An updated look at the latest self-expandable and balloon-expandable TAVR devices
The latest self-expandable (SE) and balloon-expandable (BE) transcatheter aortic valve replacement (TAVR) devices are associated with similar success and mortality rates, according to new findings published in JACC: Cardiovascular Interventions.[1] However, recent BE devices may lower the risk of certain complications, including permanent pacemaker implantation (PPI), compared to recent SE devices.
“Over the past decade, different studies have compared TAVR devices, aiming to investigate the potential benefit of using a specific device type,” wrote first author Giuliano Costa, MD, an interventional cardiologist with AOU Policlinico G. Rodolico – San Marco in Italy, and colleagues. “The most used TAVR platforms are the SE and the BE devices. First- and second-generation devices of these two TAVR platforms have been largely compared, but a head-to-head comparison between the two latest iterations is still lacking.”
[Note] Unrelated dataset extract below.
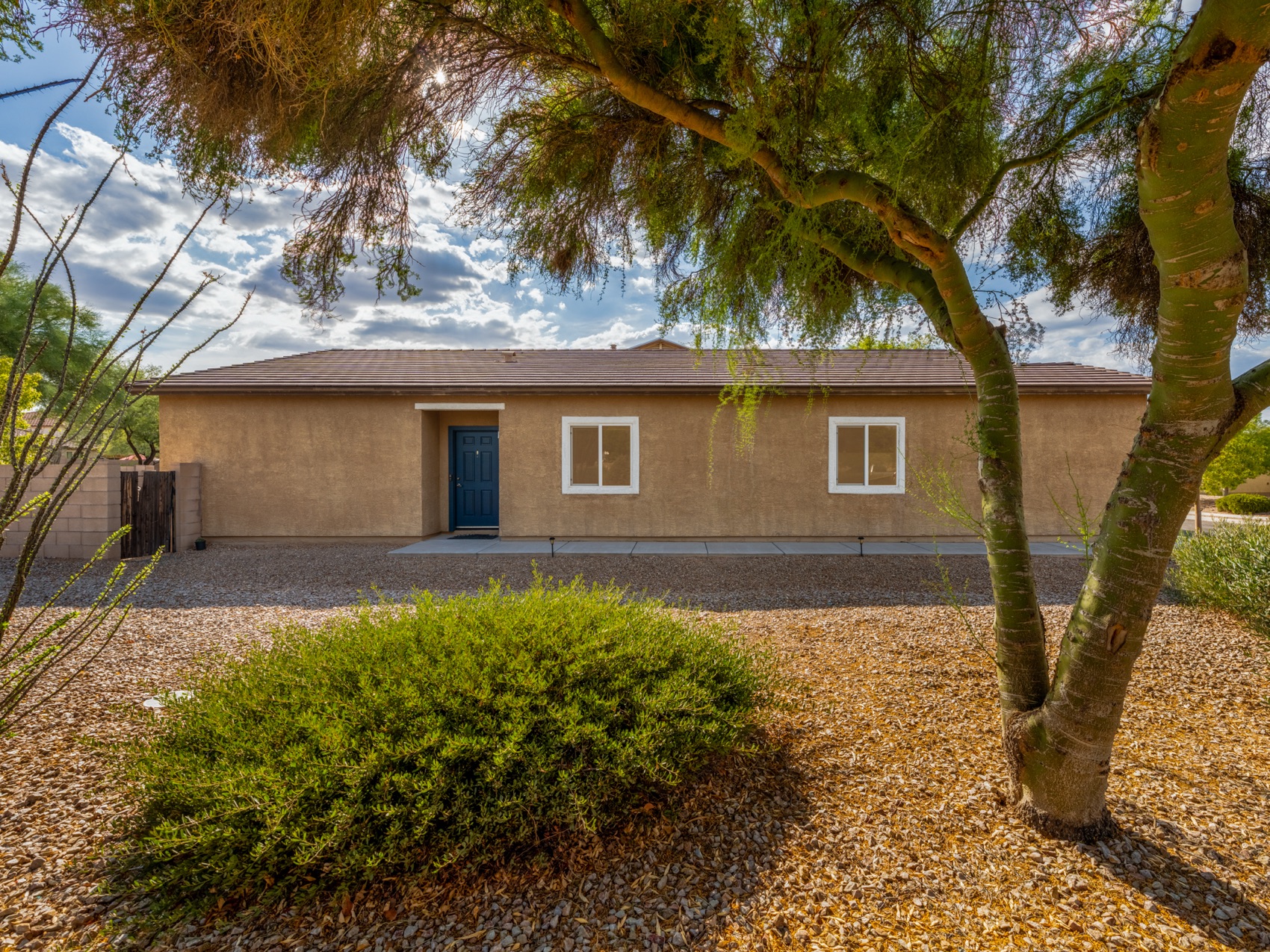 Clean modern desert home at twilight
Costa et al. aimed to address that need by examining data from more than 2,200 real-world patients who underwent TAVR from September 2017 to January 2022 in North America or Europe. Patients who were not eligible to receive both SE and BE devices were excluded.
The final analysis focused on 683 matched pairs. While one patient from each pair underwent TAVR with an SE Evolut Pro or Pro+ device from Medtronic, the other patient underwent TAVR with a BE Sapien 3 Ultra device from Edwards Lifesciences.
Overall, SE devices were linked to a success rate of 87.4% and BE devices were linked to a success rate of 85.9%. Howevcer, after 30 days, the SE devices had higher rates of PPI (17.9% vs. 10.1%) and disabling stroke (2.3% vs. 0.7%) than BE devices. The rates of 30-day all-cause mortality, nondisabling stroke, myocardial infarction and heart failure hospitalization were all comparable between SE and BE devices.
Post-TAVR echocardiography, meanwhile, confirmed that BE devices had lower paravalvular regurgitation (PVR) rates overall, but moderate-to-severe PVR was similar between the two groups.
“The latest iterations of the most widely used SE and BE transcatheter aortic valve families substantially reaffirmed the lights and shadows previously observed with their predecessors,” the authors wrote. “The higher rate of PPI remains a clear drawback for the SE platform compared with the BE platform.”
The group noted that “further improvements and redesigns of these two platforms” are anticipated in the years ahead. Once these updates are finalized, they said, additional comparisons will be required.